REQUIRED ACTION - Could you print the data that follows exactly as given?

[Records from a data collection]

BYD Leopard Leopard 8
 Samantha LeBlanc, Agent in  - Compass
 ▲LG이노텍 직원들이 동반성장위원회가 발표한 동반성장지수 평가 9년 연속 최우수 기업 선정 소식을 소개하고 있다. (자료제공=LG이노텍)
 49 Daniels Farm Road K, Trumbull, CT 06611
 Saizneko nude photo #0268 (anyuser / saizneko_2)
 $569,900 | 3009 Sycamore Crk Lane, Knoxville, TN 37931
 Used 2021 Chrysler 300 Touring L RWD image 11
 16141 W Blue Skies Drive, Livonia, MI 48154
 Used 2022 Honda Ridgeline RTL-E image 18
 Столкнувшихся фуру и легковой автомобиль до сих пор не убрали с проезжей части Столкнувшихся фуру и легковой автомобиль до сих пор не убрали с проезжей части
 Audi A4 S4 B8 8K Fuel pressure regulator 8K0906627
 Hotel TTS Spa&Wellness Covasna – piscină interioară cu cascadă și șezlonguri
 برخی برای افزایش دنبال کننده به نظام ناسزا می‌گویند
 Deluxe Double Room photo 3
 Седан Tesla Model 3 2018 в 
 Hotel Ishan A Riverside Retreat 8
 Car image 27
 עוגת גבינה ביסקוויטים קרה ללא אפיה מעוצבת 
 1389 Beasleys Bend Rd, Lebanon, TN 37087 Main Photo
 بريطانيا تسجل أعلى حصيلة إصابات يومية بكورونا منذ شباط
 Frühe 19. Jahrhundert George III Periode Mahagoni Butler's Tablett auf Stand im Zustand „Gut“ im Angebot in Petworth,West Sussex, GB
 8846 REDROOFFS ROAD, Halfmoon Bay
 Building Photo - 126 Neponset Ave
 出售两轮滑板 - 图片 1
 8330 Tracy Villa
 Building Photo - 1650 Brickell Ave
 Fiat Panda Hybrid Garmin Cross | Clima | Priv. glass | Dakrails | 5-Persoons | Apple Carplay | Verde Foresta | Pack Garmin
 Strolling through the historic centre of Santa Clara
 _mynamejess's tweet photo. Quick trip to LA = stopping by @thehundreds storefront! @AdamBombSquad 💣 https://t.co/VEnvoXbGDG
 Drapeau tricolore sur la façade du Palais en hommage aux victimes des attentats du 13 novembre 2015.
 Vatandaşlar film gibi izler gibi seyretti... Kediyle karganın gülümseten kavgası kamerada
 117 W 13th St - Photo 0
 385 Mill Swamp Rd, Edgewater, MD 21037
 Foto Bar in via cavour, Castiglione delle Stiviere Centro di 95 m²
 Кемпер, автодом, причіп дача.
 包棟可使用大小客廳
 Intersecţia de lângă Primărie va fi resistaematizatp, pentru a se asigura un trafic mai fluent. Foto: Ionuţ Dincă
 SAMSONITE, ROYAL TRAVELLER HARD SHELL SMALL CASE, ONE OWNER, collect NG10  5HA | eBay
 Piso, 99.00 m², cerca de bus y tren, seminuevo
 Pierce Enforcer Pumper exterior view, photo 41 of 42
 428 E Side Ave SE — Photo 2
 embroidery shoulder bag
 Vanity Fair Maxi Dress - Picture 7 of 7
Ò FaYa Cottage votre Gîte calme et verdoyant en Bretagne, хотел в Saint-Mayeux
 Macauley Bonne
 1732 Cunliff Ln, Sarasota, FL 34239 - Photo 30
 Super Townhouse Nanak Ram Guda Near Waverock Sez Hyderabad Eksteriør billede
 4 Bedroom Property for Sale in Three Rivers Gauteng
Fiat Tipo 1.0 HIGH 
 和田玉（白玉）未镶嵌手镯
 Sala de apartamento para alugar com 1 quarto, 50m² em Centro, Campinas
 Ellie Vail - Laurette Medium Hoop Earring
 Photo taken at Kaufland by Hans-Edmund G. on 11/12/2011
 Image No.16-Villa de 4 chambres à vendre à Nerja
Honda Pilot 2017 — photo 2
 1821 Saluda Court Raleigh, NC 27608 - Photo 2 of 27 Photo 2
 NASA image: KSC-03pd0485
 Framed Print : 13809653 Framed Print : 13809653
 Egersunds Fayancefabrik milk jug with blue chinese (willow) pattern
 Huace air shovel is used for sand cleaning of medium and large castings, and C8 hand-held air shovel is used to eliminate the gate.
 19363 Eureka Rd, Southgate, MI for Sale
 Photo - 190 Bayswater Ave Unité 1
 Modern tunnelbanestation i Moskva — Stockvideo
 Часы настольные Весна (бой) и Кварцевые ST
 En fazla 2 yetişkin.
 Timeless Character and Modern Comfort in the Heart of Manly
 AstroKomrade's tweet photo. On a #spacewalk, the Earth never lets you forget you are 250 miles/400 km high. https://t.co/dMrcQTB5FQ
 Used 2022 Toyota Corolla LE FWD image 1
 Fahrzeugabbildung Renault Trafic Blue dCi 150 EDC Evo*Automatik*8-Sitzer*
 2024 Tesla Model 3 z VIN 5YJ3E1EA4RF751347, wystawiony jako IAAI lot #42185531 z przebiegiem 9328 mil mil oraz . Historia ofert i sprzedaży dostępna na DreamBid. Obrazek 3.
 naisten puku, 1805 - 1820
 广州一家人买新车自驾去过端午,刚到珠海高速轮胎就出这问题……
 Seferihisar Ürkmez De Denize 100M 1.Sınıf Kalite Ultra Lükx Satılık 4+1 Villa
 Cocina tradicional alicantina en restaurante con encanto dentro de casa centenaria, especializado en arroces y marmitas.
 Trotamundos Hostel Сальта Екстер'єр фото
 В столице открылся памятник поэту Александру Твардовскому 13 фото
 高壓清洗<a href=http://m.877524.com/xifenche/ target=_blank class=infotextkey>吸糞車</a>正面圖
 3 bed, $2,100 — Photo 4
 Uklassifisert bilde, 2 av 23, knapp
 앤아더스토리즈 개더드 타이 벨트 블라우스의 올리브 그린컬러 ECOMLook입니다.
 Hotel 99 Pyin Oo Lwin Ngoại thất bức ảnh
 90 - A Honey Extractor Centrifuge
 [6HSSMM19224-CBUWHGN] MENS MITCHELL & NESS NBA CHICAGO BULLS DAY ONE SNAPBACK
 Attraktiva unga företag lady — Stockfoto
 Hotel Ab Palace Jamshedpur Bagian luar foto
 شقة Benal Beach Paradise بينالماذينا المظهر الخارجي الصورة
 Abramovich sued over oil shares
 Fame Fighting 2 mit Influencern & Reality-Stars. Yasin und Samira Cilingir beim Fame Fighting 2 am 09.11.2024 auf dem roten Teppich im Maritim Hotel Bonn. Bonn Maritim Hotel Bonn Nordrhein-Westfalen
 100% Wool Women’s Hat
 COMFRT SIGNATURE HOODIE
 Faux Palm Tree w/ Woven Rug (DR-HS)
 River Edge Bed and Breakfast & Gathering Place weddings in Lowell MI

SOLUTION -
BYD Leopard Leopard 8
 Samantha LeBlanc, Agent in  - Compass
 ▲LG이노텍 직원들이 동반성장위원회가 발표한 동반성장지수 평가 9년 연속 최우수 기업 선정 소식을 소개하고 있다. (자료제공=LG이노텍)
 49 Daniels Farm Road K, Trumbull, CT 06611
 Saizneko nude photo #0268 (anyuser / saizneko_2)
 $569,900 | 3009 Sycamore Crk Lane, Knoxville, TN 37931
 Used 2021 Chrysler 300 Touring L RWD image 11
 16141 W Blue Skies Drive, Livonia, MI 48154
 Used 2022 Honda Ridgeline RTL-E image 18
 Столкнувшихся фуру и легковой автомобиль до сих пор не убрали с проезжей части Столкнувшихся фуру и легковой автомобиль до сих пор не убрали с проезжей части
 Audi A4 S4 B8 8K Fuel pressure regulator 8K0906627
 Hotel TTS Spa&Wellness Covasna – piscină interioară cu cascadă și șezlonguri
 برخی برای افزایش دنبال کننده به نظام ناسزا می‌گویند
 Deluxe Double Room photo 3
 Седан Tesla Model 3 2018 в 
 Hotel Ishan A Riverside Retreat 8
 Car image 27
 עוגת גבינה ביסקוויטים קרה ללא אפיה מעוצבת 
 1389 Beasleys Bend Rd, Lebanon, TN 37087 Main Photo
 بريطانيا تسجل أعلى حصيلة إصابات يومية بكورونا منذ شباط
 Frühe 19. Jahrhundert George III Periode Mahagoni Butler's Tablett auf Stand im Zustand „Gut“ im Angebot in Petworth,West Sussex, GB
 8846 REDROOFFS ROAD, Halfmoon Bay
 Building Photo - 126 Neponset Ave
 出售两轮滑板 - 图片 1
 8330 Tracy Villa
 Building Photo - 1650 Brickell Ave
 Fiat Panda Hybrid Garmin Cross | Clima | Priv. glass | Dakrails | 5-Persoons | Apple Carplay | Verde Foresta | Pack Garmin
 Strolling through the historic centre of Santa Clara
 _mynamejess's tweet photo. Quick trip to LA = stopping by @thehundreds storefront! @AdamBombSquad 💣 https://t.co/VEnvoXbGDG
 Drapeau tricolore sur la façade du Palais en hommage aux victimes des attentats du 13 novembre 2015.
 Vatandaşlar film gibi izler gibi seyretti... Kediyle karganın gülümseten kavgası kamerada
 117 W 13th St - Photo 0
 385 Mill Swamp Rd, Edgewater, MD 21037
 Foto Bar in via cavour, Castiglione delle Stiviere Centro di 95 m²
 Кемпер, автодом, причіп дача.
 包棟可使用大小客廳
 Intersecţia de lângă Primărie va fi resistaematizatp, pentru a se asigura un trafic mai fluent. Foto: Ionuţ Dincă
 SAMSONITE, ROYAL TRAVELLER HARD SHELL SMALL CASE, ONE OWNER, collect NG10  5HA | eBay
 Piso, 99.00 m², cerca de bus y tren, seminuevo
 Pierce Enforcer Pumper exterior view, photo 41 of 42
 428 E Side Ave SE — Photo 2
 embroidery shoulder bag
 Vanity Fair Maxi Dress - Picture 7 of 7
Ò FaYa Cottage votre Gîte calme et verdoyant en Bretagne, хотел в Saint-Mayeux
 Macauley Bonne
 1732 Cunliff Ln, Sarasota, FL 34239 - Photo 30
 Super Townhouse Nanak Ram Guda Near Waverock Sez Hyderabad Eksteriør billede
 4 Bedroom Property for Sale in Three Rivers Gauteng
Fiat Tipo 1.0 HIGH 
 和田玉（白玉）未镶嵌手镯
 Sala de apartamento para alugar com 1 quarto, 50m² em Centro, Campinas
 Ellie Vail - Laurette Medium Hoop Earring
 Photo taken at Kaufland by Hans-Edmund G. on 11/12/2011
 Image No.16-Villa de 4 chambres à vendre à Nerja
Honda Pilot 2017 — photo 2
 1821 Saluda Court Raleigh, NC 27608 - Photo 2 of 27 Photo 2
 NASA image: KSC-03pd0485
 Framed Print : 13809653 Framed Print : 13809653
 Egersunds Fayancefabrik milk jug with blue chinese (willow) pattern
 Huace air shovel is used for sand cleaning of medium and large castings, and C8 hand-held air shovel is used to eliminate the gate.
 19363 Eureka Rd, Southgate, MI for Sale
 Photo - 190 Bayswater Ave Unité 1
 Modern tunnelbanestation i Moskva — Stockvideo
 Часы настольные Весна (бой) и Кварцевые ST
 En fazla 2 yetişkin.
 Timeless Character and Modern Comfort in the Heart of Manly
 AstroKomrade's tweet photo. On a #spacewalk, the Earth never lets you forget you are 250 miles/400 km high. https://t.co/dMrcQTB5FQ
 Used 2022 Toyota Corolla LE FWD image 1
 Fahrzeugabbildung Renault Trafic Blue dCi 150 EDC Evo*Automatik*8-Sitzer*
 2024 Tesla Model 3 z VIN 5YJ3E1EA4RF751347, wystawiony jako IAAI lot #42185531 z przebiegiem 9328 mil mil oraz . Historia ofert i sprzedaży dostępna na DreamBid. Obrazek 3.
 naisten puku, 1805 - 1820
 广州一家人买新车自驾去过端午,刚到珠海高速轮胎就出这问题……
 Seferihisar Ürkmez De Denize 100M 1.Sınıf Kalite Ultra Lükx Satılık 4+1 Villa
 Cocina tradicional alicantina en restaurante con encanto dentro de casa centenaria, especializado en arroces y marmitas.
 Trotamundos Hostel Сальта Екстер'єр фото
 В столице открылся памятник поэту Александру Твардовскому 13 фото
 高壓清洗<a href=http://m.877524.com/xifenche/ target=_blank class=infotextkey>吸糞車</a>正面圖
 3 bed, $2,100 — Photo 4
 Uklassifisert bilde, 2 av 23, knapp
 앤아더스토리즈 개더드 타이 벨트 블라우스의 올리브 그린컬러 ECOMLook입니다.
 Hotel 99 Pyin Oo Lwin Ngoại thất bức ảnh
 90 - A Honey Extractor Centrifuge
 [6HSSMM19224-CBUWHGN] MENS MITCHELL & NESS NBA CHICAGO BULLS DAY ONE SNAPBACK
 Attraktiva unga företag lady — Stockfoto
 Hotel Ab Palace Jamshedpur Bagian luar foto
 شقة Benal Beach Paradise بينالماذينا المظهر الخارجي الصورة
 Abramovich sued over oil shares
 Fame Fighting 2 mit Influencern & Reality-Stars. Yasin und Samira Cilingir beim Fame Fighting 2 am 09.11.2024 auf dem roten Teppich im Maritim Hotel Bonn. Bonn Maritim Hotel Bonn Nordrhein-Westfalen
 100% Wool Women’s Hat
 COMFRT SIGNATURE HOODIE
 Faux Palm Tree w/ Woven Rug (DR-HS)
 River Edge Bed and Breakfast & Gathering Place weddings in Lowell MI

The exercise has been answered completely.